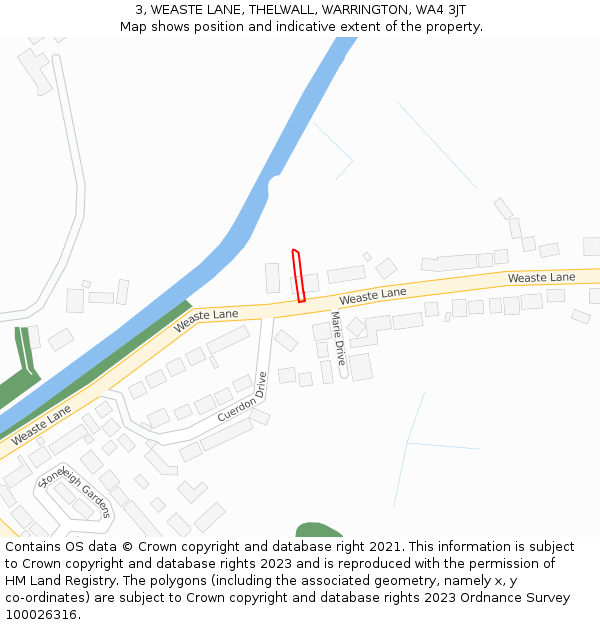 3, WEASTE LANE, THELWALL, WARRINGTON, WA4 3JT: Location map and indicative extent of plot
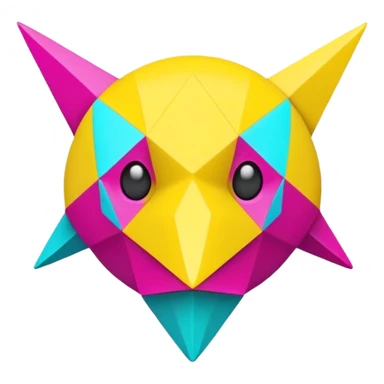 Yellow and cyan and magenta Fakémon-creature sticker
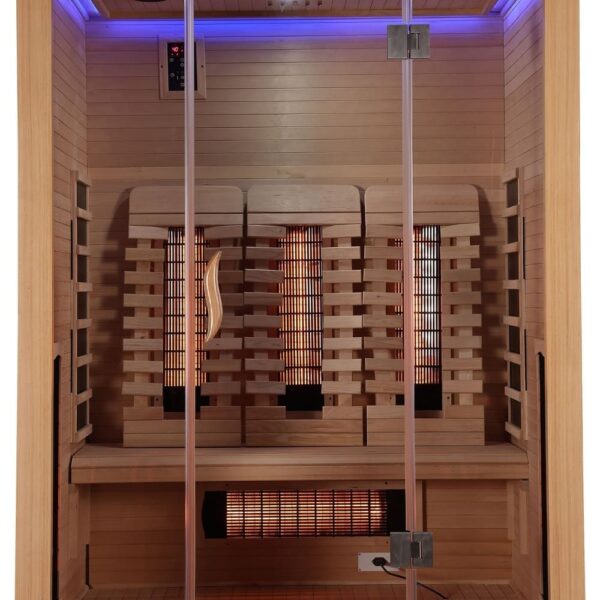 sauna infrarossi 3 persone con radiatori full spectrum e schienali ergonomici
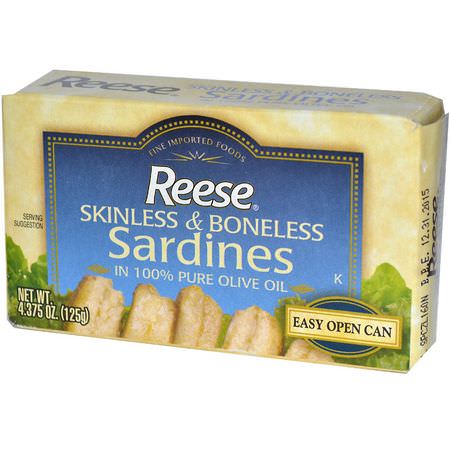 沙丁魚, 海鮮: Reese, Skinless & Boneless Sardines in 100% Pure Olive Oil, 4.375 oz (125 g)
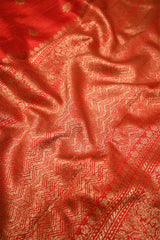 GunGun Uprari in Red Raw Silk Banarasi Saree
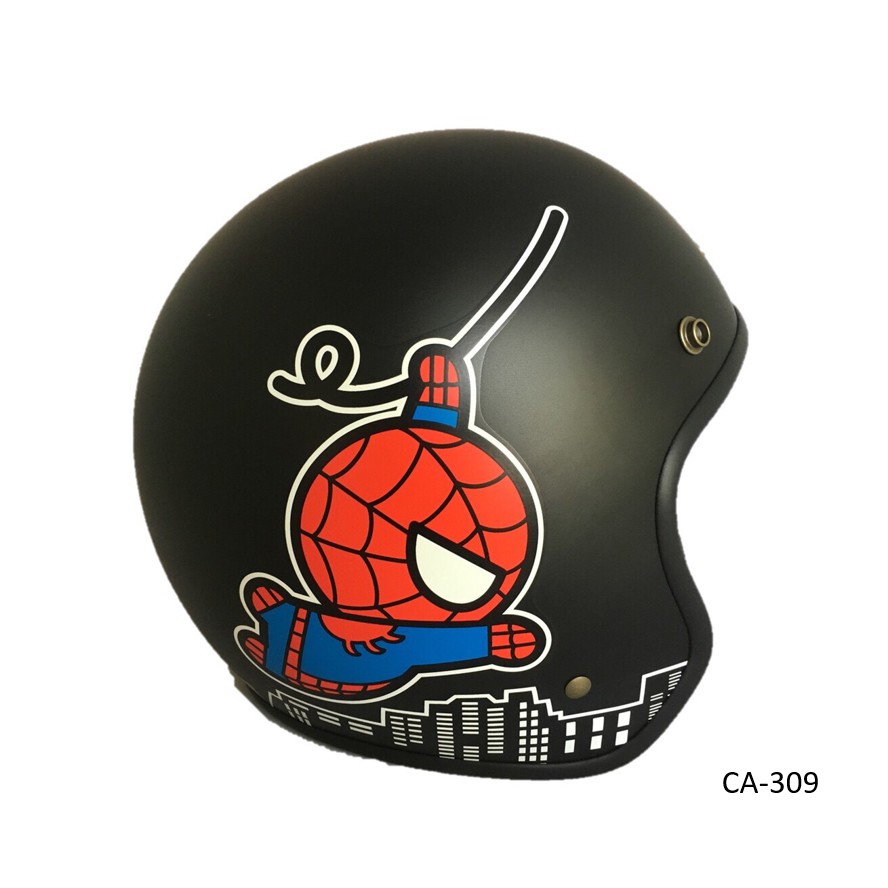 EVO 安全帽 N CA-309 復古帽 蜘蛛人 消黑色 半罩 半拆洗 卡通圖案 正版授權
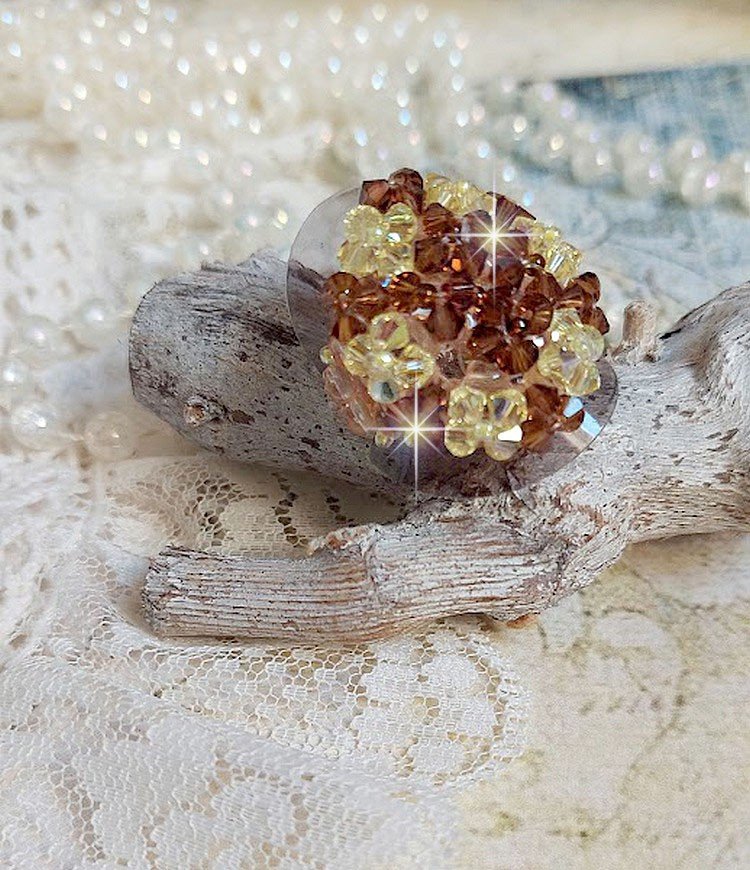 Stjärnring med Swarovski-kristallfacetter och spinnare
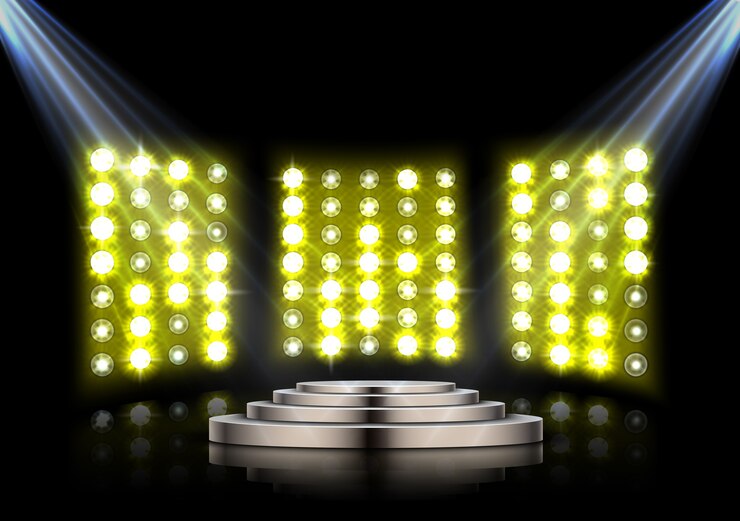 Vetor pódio de palco com holofotes na luz do estágio amarelo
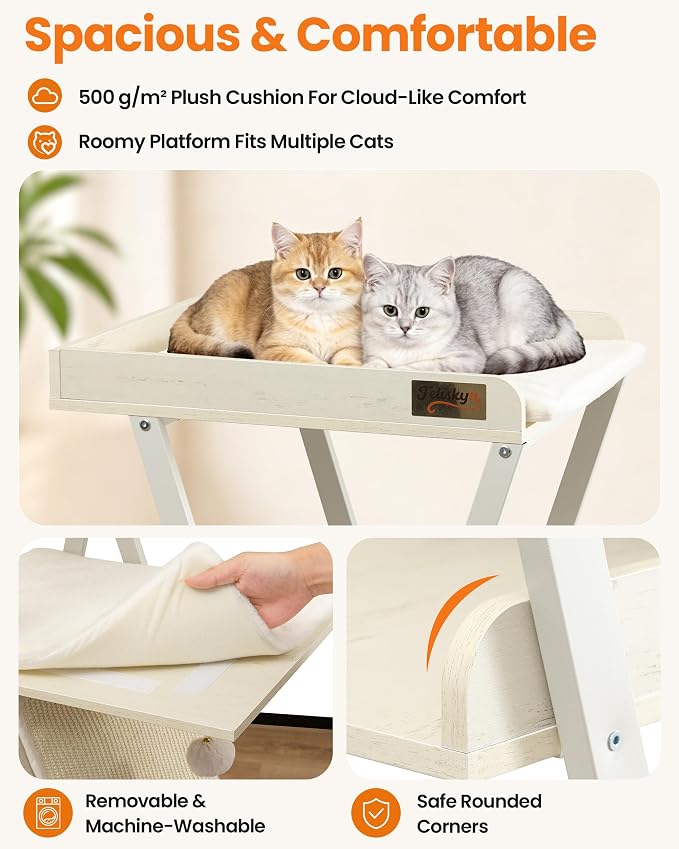 Modern Wood Cat Tree Tower for Indoor Cats Large Adult 67-in Tall | Heavy Duty XL Stable Wooden Cat Condo House Furniture with Multi-Level Spacious Perch Scratching Board Soft Washable Pads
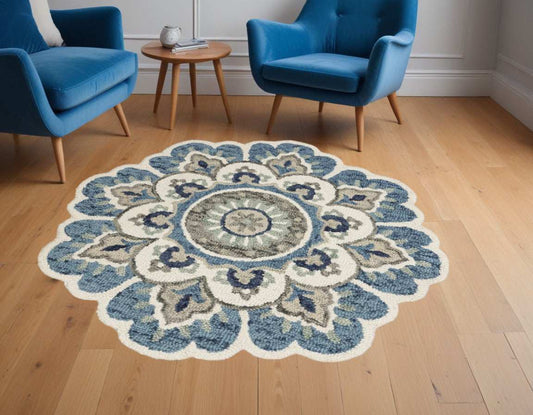 6' Ivory Teal Blue and Green Wool Hand Tufted Round Rug - Homeroots - Flyclothing LLC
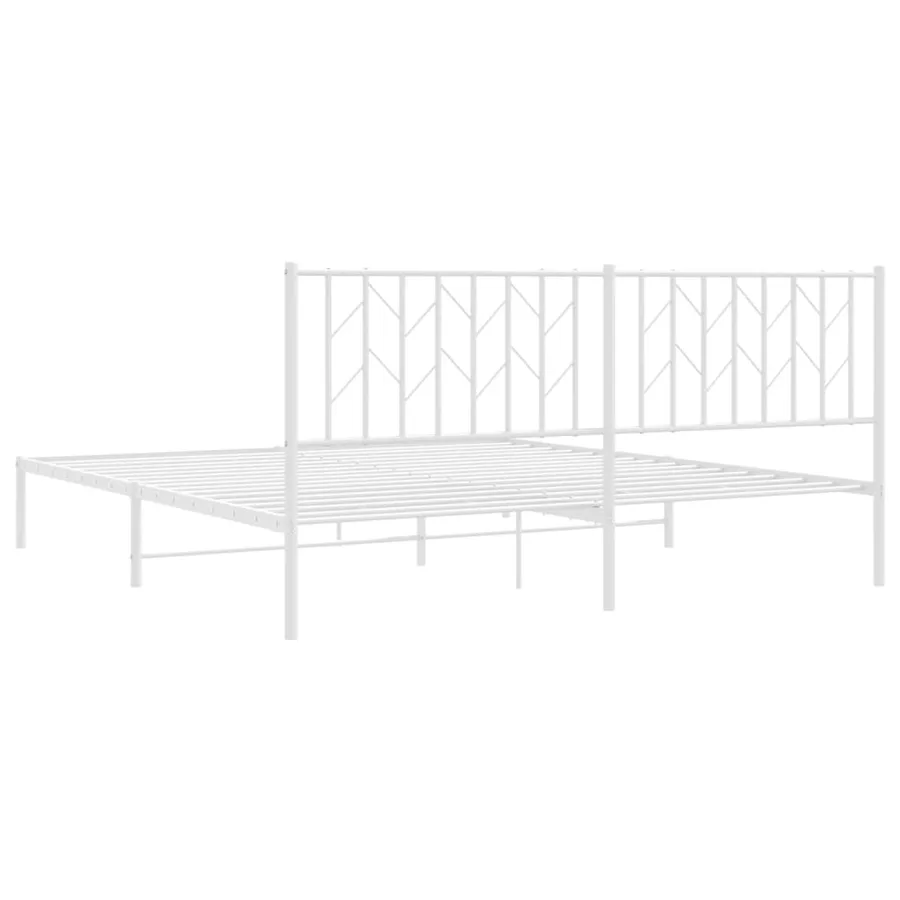 Cadre de lit métal sans matelas et tête de lit blanc 183x213 cm - 7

=== Exercise instructions ===
Each line of the data above needs to be retyped as it is, without any picture.

=== Answer for this exercise ===
 3, WEASTE LANE, THELWALL, WARRINGTON, WA4 3JT: Location map and indicative extent of plot
 Yellow and cyan and magenta Fakémon-creature sticker
 sauna infrarossi 3 persone con radiatori full spectrum e schienali ergonomici
 沙丁魚, 海鮮: Reese, Skinless & Boneless Sardines in 100% Pure Olive Oil, 4.375 oz (125 g)
 GunGun Uprari in Red Raw Silk Banarasi Saree
 EVO 安全帽 N CA-309 復古帽 蜘蛛人 消黑色 半罩 半拆洗 卡通圖案 正版授權
 Stjärnring med Swarovski-kristallfacetter och spinnare
 Vetor pódio de palco com holofotes na luz do estágio amarelo
 Modern Wood Cat Tree Tower for Indoor Cats Large Adult 67-in Tall | Heavy Duty XL Stable Wooden Cat Condo House Furniture with Multi-Level Spacious Perch Scratching Board Soft Washable Pads
 6' Ivory Teal Blue and Green Wool Hand Tufted Round Rug - Homeroots - Flyclothing LLC
 Cadre de lit métal sans matelas et tête de lit blanc 183x213 cm - 7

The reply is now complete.